Tuesday morning the first indications of an impending civic election began to appear: lawn signs dominated by Gregor Robertson’s smiling face and his name writ large, highlighting the party’s principle asset, along with this year’s slogan “Go forward with Vision.”
Tuesday was also the first day candidates could register their intent run, although it was hardly a stampede.
By 10:45 a.m. clerks on the main floor of city hall informed me that just two men had done so. The rest have another week to get their papers in.
Of course, for months the major parties have been campaigning, making promises, announcing candidates, staking out their turf, firing off barbs at the enemy. But most of it has been buried by news of the teachers’ strike.
Compared with what is heading our way in this campaign, it’s all been relatively quiet. The common belief is that voters don’t tend to pay any attention to the election until after the Thanksgiving long weekend.
But with 30 days left until the advance polls open, the pace is picking up, most notably with the party that controls the majority at city hall and the one most likely to succeed in winning a third term. So I’ll focus on them for this column and get to some of the other guys next week.
My email inbox has been flooded with statements from Vision Vancouver — far fewer from the NPA and COPE — councillors asking for support, requesting small donations and seeking volunteers for any number of tasks from door knocking to working the phones. Vision is holding a “volunteer orientation” Saturday.
As the Vision campaign team assembles, there is a noticeable hollowing out of the mayor’s office.
A few weeks ago, anyone calling Robertson’s chief of staff Mike Magee on his city hall cellphone was informed: “I am on extended leave of absence.”
About a week later the mayor’s policy analyst Kevin Quinlan had a similar phone message; he will be away until Nov. 16, the day after the final vote.
They will also soon be joined by Braeden Caley, the mayor’s press secretary.
All will work out of Vision headquarters a few blocks from city hall where this week a table saw on the main floor of their building was screaming in the “sign department” slicing up lumber to support even more smiling faces.
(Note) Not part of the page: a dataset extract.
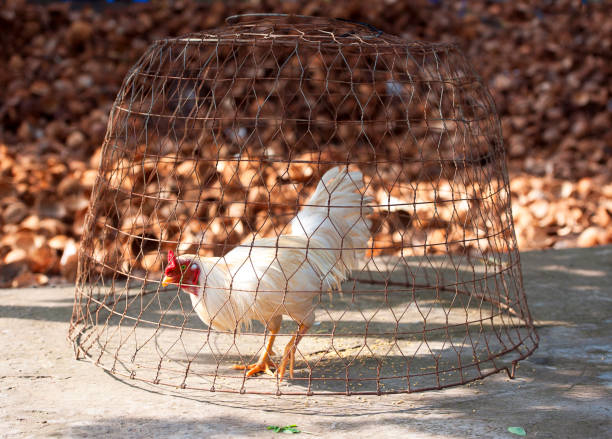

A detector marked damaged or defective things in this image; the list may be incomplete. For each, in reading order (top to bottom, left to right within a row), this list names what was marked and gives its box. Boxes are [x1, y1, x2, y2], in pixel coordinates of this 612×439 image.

rusty wire mesh [67, 15, 536, 398]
The second floor — a “media free zone” — is where the brains trust is assembled to discuss strategy.
What Magee, Quinlan and Caley all have in common is that they sharpened their election chops working on Democratic Party campaigns south of the border in either 2008 (Magee) or 2012 (Quinlan and Caley) helping elect and then re-elect Barack Obama.
That’s where they saw a revolution take place in voter outreach with the first-time-ever heavy reliance on social media — Twitter, Facebook and a variety of other platforms in their arsenal.
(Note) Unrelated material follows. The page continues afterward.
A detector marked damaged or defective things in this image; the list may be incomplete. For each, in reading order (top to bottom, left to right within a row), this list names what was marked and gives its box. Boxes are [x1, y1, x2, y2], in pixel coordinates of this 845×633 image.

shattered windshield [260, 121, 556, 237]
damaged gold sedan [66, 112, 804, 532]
That revolution was imported here and is fundamental to what makes Vision tick at election time and through the year as Robertson and Vision stay in touch with supporters.
They are a mostly younger crowd who are increasingly “uncorded,” using mobile devices to communicate.
(Incidentally Vision’s “go forward” slogan is a straight lift from Obama too. In 2012, his campaign switched from the 2008 phrase “change we can believe in” to the single word “forward.”)
We are also seeing less reliance by Vision on major media that publish in English in a city where many citizens speak English as a second language.
Vision’s campaign will be conducted in at least four languages: English, Punjabi, Mandarin and Cantonese and, probably, Tagalog.
This week a phone bank with several dozen cubicles was being set up on the building’s main floor, although the “high volume” phone contacts will be run offsite by Vision pollster Bob Penner and his company Stratcom.
They will campaign on what they have pretty well laid out already: transit, affordability, childcare, tanker traffic and their green agenda.
If they have a weakness it is simply their long time in office where they have said “no” to more and more people, causing an increasingly grumbling opposition.
But they say that group, though noisy, is marginal relatively speaking. Vision still holds the majority.